Task directions
In the records that follow, find the line with "card image Quilled"; from there, retype every line exactly through the line with "Kia Canival 2017 — photo 8", which also belongs to the answer.

Recorded information
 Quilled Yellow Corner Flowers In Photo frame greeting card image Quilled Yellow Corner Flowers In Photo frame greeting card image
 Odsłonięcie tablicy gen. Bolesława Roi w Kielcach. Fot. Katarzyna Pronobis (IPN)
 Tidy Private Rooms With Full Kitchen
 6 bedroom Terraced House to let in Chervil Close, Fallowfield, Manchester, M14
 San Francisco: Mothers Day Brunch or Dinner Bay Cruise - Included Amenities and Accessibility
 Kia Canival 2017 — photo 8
--
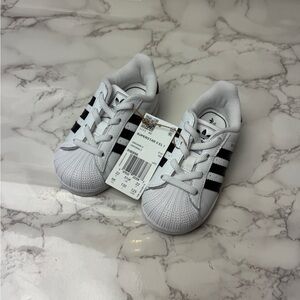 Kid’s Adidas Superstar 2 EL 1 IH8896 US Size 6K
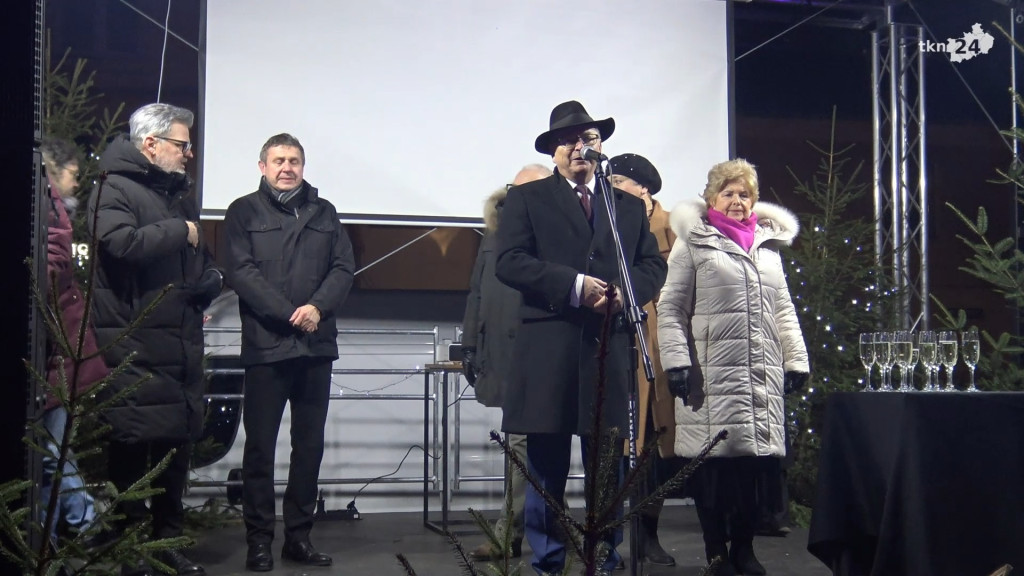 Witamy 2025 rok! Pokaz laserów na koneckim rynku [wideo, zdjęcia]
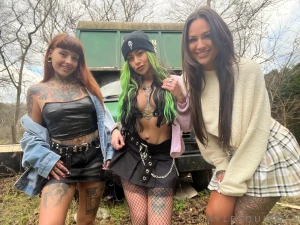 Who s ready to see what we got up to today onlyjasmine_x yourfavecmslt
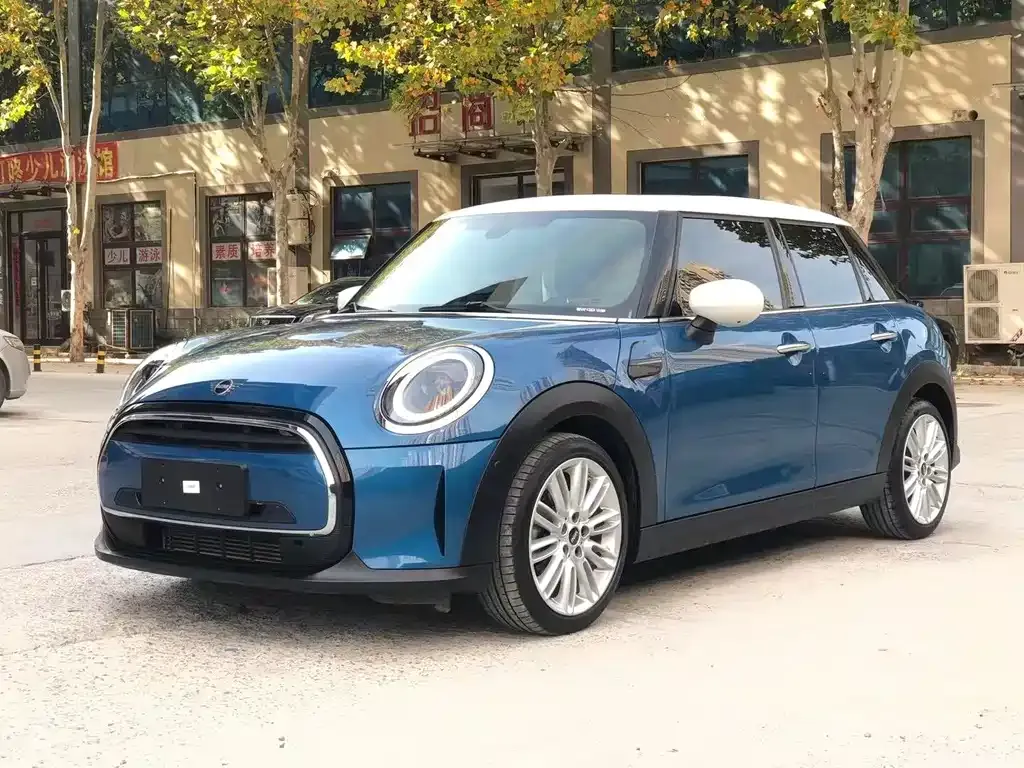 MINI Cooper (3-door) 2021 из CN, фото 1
---
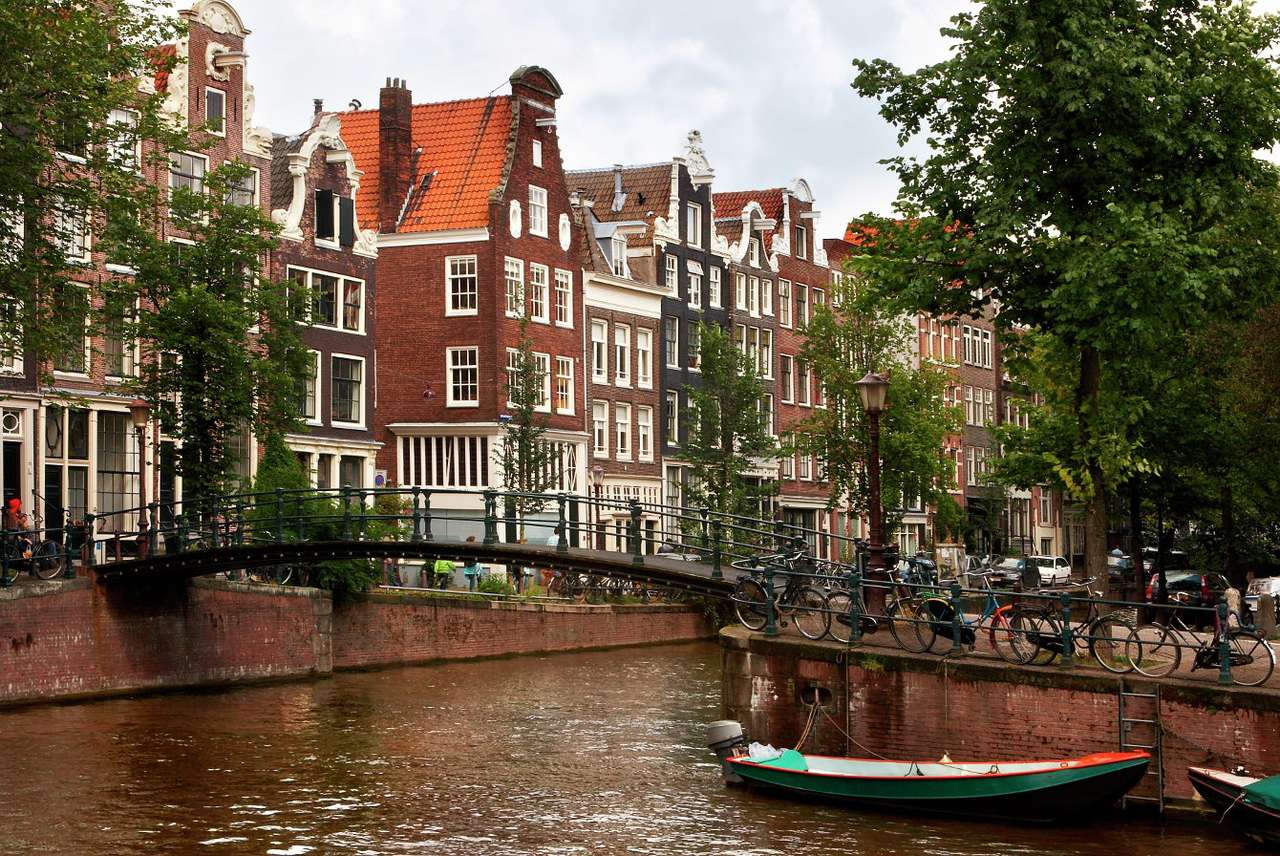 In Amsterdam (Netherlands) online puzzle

The answer
 Quilled Yellow Corner Flowers In Photo frame greeting card image Quilled Yellow Corner Flowers In Photo frame greeting card image
 Odsłonięcie tablicy gen. Bolesława Roi w Kielcach. Fot. Katarzyna Pronobis (IPN)
 Tidy Private Rooms With Full Kitchen
 6 bedroom Terraced House to let in Chervil Close, Fallowfield, Manchester, M14
 San Francisco: Mothers Day Brunch or Dinner Bay Cruise - Included Amenities and Accessibility
 Kia Canival 2017 — photo 8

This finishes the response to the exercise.